___ Information provided ___

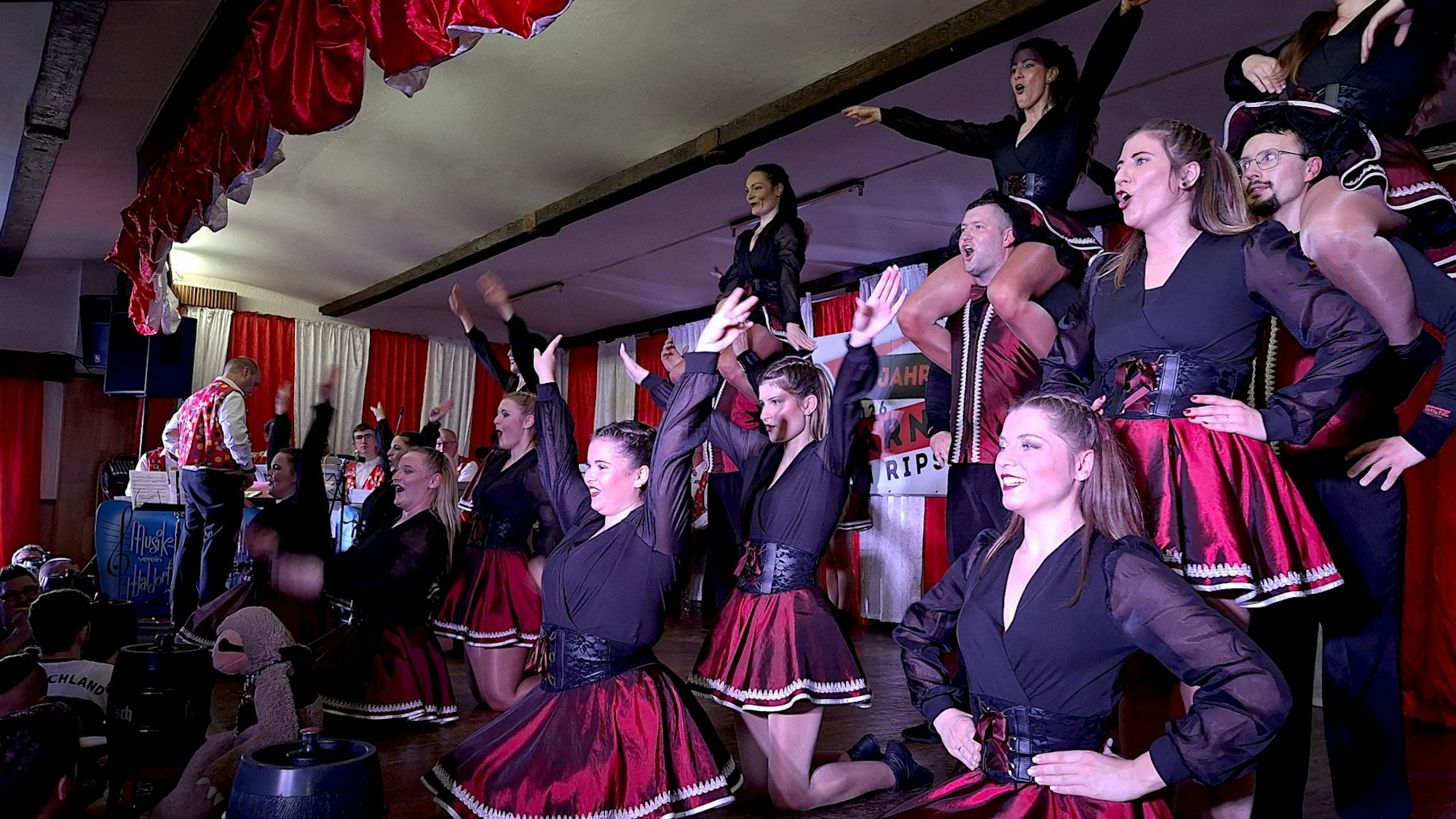 In rot-schwarzen Kleidern stehen die Tänzer und Tänzerinnen auf der Bühne. Manche machen Hebefiguren.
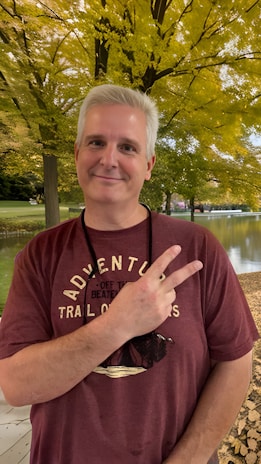 A person with light hair is smiling and holding up a peace sign with one hand. They are wearing a maroon T-shirt with text and graphics. The background features a serene outdoor setting with lush green and yellow leaves, indicating a park or natural setting.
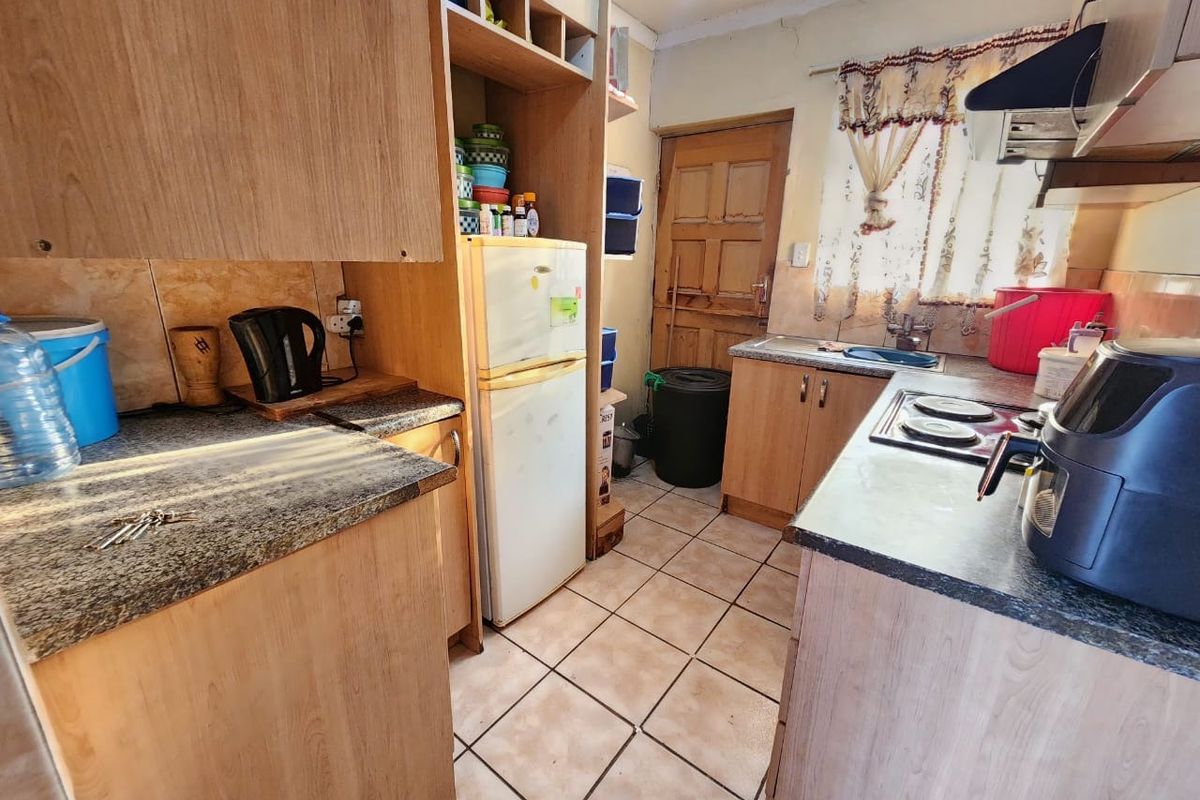 A compact kitchen featuring laminate cabinetry, granite countertops, and ceramic tile flooring, requiring some maintenance and cosmetic updates to modernize the space.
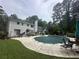 Expansive backyard featuring a covered pool, patio furniture, and a serene wooded backdrop at 3 Perthshire Dr, Peachtree City, GA 30269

___

*Your task*
What the answer must hold: all the data above, given again exactly, without pictures.

*Result for this task*
 In rot-schwarzen Kleidern stehen die Tänzer und Tänzerinnen auf der Bühne. Manche machen Hebefiguren.
 A person with light hair is smiling and holding up a peace sign with one hand. They are wearing a maroon T-shirt with text and graphics. The background features a serene outdoor setting with lush green and yellow leaves, indicating a park or natural setting.
 A compact kitchen featuring laminate cabinetry, granite countertops, and ceramic tile flooring, requiring some maintenance and cosmetic updates to modernize the space.
 Expansive backyard featuring a covered pool, patio furniture, and a serene wooded backdrop at 3 Perthshire Dr, Peachtree City, GA 30269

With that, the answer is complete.